2023年のCEOの優先事項:人材に関する3つの重要なトレンドとは
1.最新の大規模調査が示す自社のリーダーの質に対する自信の欠如
私たちは20年以上にわたり、世界的なリーダーシップ調査「グローバル・リーダーシップ・フォーキャスト」を実施してきました。その中で、ここ10年以上、リーダーの質についての調査が行われてきましたが、最新の調査によると、初めて、「自社のリーダーの質」に対するリーダーの評価が大きく低下したことが判明しました。
このことから、CEOは2023年に優先事項を変更する必要があることが示唆されています。
自社のリーダーの質が高いと回答したリーダーはわずか40%で、2年前に比べて20%近くも低下しています。これは、2007年から2008年にかけての経済危機後の数値とほぼ同じです。
この低下は、成長の鈍化に対するリーダーの懸念と、自社が直面している課題にうまく対処できていないという自信の欠如を反映しています。そして、経営幹部は、このネガティブな傾向が従業員に悪影響を及ぼしかねないことを認識しています。
CEO は、自社が直面するさまざまな課題の中で、目標達成と今後の課題解決に必要な人材を確保できないことが最大のリスクであると考えています。実際、CEOの懸念事項のトップに挙げられたのは、59%のCEOが選んだ「人材の定着」です。
CEO は、急速に変化するビジネス環境の中で組織が競争に打ち勝つために、人材の定着が重要な優先課題であることを認識しています。これを怠ると、組織の優先事項を実行するために必要な人材が不足し、潜在的な景気後退の中で、組織はさらなるリスクにさらされる可能性があります。
私たちは、グローバル・リーダーシップ・フォーキャスト調査を実施して20年以上になりますが、このことは、今後3年間における最も重要な経営課題が、CEOとCHROの両者で初めて一致したことを意味しています。その共通の経営課題が、「優れた人材の定着」です。

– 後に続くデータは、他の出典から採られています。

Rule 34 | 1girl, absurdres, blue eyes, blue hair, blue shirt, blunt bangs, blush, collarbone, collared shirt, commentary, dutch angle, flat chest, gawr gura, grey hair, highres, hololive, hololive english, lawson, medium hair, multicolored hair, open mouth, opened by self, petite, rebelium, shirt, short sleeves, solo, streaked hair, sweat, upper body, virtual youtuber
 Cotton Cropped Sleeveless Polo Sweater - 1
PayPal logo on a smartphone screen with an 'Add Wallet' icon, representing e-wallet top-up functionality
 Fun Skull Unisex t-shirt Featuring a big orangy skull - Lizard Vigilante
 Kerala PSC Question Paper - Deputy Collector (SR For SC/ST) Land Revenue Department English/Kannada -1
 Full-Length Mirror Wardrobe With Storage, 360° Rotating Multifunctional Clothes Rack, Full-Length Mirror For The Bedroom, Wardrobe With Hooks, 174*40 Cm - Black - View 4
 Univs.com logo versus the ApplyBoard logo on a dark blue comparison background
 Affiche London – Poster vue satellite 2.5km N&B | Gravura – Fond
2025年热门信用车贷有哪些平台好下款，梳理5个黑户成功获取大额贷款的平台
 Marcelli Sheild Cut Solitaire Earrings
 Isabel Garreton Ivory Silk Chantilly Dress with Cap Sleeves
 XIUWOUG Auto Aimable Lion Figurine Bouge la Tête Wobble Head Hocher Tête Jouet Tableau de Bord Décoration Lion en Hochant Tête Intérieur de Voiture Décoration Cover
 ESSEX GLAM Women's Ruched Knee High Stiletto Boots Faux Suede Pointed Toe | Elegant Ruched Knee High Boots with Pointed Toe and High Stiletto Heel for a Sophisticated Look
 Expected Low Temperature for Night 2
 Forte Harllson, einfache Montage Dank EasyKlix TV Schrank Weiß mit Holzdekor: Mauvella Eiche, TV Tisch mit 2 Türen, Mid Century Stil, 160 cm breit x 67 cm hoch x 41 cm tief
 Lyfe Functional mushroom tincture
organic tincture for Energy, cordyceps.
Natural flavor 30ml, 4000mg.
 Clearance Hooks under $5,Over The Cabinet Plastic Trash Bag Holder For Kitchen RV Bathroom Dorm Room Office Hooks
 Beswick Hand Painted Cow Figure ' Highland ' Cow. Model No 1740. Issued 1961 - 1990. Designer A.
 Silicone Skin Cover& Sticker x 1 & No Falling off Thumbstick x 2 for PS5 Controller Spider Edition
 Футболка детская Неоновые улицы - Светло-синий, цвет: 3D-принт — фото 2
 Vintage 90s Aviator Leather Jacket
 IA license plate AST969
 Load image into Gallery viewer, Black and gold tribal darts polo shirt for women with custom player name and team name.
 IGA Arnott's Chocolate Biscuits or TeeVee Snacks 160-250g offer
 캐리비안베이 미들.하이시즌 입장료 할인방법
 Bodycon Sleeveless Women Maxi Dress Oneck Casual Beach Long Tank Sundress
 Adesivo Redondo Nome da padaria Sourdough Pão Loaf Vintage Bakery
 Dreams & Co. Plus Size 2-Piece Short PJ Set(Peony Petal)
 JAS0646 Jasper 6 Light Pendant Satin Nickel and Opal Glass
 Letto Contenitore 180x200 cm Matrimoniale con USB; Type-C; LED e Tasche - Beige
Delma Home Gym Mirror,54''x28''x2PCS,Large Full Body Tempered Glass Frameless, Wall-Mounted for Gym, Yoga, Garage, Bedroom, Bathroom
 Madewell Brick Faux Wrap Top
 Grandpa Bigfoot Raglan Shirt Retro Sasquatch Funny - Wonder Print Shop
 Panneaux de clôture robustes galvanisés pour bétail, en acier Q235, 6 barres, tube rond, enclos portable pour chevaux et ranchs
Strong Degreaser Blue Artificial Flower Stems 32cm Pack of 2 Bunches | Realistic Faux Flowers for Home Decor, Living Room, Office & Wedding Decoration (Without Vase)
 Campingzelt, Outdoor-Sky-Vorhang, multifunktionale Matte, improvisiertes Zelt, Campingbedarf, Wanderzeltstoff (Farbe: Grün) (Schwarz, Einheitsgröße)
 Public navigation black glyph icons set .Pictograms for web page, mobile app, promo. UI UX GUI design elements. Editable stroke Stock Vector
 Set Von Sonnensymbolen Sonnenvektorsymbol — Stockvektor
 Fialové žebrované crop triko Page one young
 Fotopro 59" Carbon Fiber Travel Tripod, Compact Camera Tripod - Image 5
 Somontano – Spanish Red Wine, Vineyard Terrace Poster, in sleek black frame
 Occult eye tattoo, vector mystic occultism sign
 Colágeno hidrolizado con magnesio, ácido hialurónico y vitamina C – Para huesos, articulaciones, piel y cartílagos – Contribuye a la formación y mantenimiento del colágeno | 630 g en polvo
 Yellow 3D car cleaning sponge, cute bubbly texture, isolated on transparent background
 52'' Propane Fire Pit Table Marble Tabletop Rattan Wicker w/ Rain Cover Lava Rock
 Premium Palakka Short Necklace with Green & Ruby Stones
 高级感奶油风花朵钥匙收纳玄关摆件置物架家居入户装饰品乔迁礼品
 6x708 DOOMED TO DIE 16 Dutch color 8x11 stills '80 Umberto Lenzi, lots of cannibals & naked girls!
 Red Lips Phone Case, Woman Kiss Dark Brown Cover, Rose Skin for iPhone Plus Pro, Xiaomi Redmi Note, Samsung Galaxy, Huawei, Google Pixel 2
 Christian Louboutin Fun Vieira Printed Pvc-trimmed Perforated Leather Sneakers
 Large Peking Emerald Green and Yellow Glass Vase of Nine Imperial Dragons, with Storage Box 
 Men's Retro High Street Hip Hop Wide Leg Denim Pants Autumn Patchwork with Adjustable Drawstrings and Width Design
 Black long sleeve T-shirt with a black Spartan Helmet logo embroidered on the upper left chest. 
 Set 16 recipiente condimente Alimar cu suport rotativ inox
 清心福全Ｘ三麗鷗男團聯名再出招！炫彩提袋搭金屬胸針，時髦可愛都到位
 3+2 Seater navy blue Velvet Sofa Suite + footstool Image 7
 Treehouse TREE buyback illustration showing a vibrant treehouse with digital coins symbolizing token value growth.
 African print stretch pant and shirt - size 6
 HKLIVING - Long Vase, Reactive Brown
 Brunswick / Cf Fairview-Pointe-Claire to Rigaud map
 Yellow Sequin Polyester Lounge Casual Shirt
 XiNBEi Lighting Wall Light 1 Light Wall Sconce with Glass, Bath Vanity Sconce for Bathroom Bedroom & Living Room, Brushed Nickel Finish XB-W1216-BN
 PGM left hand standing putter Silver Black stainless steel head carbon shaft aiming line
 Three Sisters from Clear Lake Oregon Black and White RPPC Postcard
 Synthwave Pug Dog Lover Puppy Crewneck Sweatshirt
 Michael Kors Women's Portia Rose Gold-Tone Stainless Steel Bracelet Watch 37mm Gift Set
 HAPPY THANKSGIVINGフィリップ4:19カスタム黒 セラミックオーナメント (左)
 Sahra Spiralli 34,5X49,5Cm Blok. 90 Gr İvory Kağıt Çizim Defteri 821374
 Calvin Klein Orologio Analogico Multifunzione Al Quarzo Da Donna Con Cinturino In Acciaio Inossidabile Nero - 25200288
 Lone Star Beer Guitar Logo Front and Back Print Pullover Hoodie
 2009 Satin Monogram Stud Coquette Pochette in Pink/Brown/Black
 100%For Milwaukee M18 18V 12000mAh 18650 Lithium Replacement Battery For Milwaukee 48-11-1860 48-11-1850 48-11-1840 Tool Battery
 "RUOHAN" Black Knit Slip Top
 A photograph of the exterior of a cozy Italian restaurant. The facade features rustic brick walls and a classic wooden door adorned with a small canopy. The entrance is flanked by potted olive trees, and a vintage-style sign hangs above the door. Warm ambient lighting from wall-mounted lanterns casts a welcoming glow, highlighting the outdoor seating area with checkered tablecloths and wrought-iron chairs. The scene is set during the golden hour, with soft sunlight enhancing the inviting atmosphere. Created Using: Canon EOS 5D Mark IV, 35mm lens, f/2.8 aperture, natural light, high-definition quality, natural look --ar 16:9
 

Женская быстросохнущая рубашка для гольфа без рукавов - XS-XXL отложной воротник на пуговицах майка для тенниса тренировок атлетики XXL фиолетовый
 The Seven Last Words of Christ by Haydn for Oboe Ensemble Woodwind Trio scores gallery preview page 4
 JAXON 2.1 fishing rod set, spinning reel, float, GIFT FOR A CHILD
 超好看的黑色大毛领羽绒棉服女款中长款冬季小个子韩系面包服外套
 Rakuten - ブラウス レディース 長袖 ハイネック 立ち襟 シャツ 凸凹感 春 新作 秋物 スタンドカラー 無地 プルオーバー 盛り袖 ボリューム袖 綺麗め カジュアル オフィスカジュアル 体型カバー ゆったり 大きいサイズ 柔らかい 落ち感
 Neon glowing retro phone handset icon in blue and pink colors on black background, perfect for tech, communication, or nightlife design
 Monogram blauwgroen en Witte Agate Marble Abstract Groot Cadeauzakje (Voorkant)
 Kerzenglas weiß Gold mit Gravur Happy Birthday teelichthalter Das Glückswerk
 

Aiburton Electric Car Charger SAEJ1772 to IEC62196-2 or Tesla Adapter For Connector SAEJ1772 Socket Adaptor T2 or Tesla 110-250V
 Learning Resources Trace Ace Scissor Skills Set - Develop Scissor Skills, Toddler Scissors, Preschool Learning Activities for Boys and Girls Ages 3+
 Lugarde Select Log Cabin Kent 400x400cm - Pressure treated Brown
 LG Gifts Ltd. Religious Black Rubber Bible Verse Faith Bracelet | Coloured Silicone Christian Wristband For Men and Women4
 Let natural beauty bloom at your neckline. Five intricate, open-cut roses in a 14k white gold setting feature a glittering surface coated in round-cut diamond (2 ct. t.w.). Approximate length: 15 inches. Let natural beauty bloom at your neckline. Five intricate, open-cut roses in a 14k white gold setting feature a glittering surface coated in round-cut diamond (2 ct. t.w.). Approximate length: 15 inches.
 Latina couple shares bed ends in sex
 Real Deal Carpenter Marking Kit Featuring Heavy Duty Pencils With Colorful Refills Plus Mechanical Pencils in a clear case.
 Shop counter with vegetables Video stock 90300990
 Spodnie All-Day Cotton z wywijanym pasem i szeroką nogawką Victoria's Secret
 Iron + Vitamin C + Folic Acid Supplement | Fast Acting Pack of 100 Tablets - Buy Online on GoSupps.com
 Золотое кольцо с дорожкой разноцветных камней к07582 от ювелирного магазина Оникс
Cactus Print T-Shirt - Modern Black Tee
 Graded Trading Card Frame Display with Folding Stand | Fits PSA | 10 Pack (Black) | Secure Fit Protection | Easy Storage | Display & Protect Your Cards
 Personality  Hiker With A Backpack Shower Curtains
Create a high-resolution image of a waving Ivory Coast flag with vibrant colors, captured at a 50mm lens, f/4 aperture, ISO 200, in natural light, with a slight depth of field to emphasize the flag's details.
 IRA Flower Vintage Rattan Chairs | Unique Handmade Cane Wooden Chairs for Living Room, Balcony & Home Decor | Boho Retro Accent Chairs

最新の調査、グローバル・リーダーシップ・フォーキャスト2023によると、54%の組織が、昨年、離職率が上昇したと回答しています。このため、人材の定着は、CEOやCHROにとって、成功を収めるために他のあらゆる課題に先んじて対処しなければならない深刻な課題となっています。
このことはあらゆるリーダーにとって、他に類を見ない困難な時期かもしれませんが、私たちのデータから、リーダーが従業員の信頼を取り戻し、人材の定着を促進するための3つの方法が導き出されました。
2.リーダーシップ・パイプラインを強化する
重要な役割を担うリーダーを充足するために、確固たるリーダーシップ・パイプラインの構築を優先課題として取り組んでいる組織は、離職率の上昇を抑え、優れた人材の定着を促進する可能性が高くなります。
過去10年間のグローバル・リーダーシップ・フォーキャストの調査結果から、最も懸念される傾向の一つに、重要な役割を担うリーダーの不足が示されています。最新の調査において、重要な役割を担うリーダーの供給体制があると回答した組織は、わずか12%でした。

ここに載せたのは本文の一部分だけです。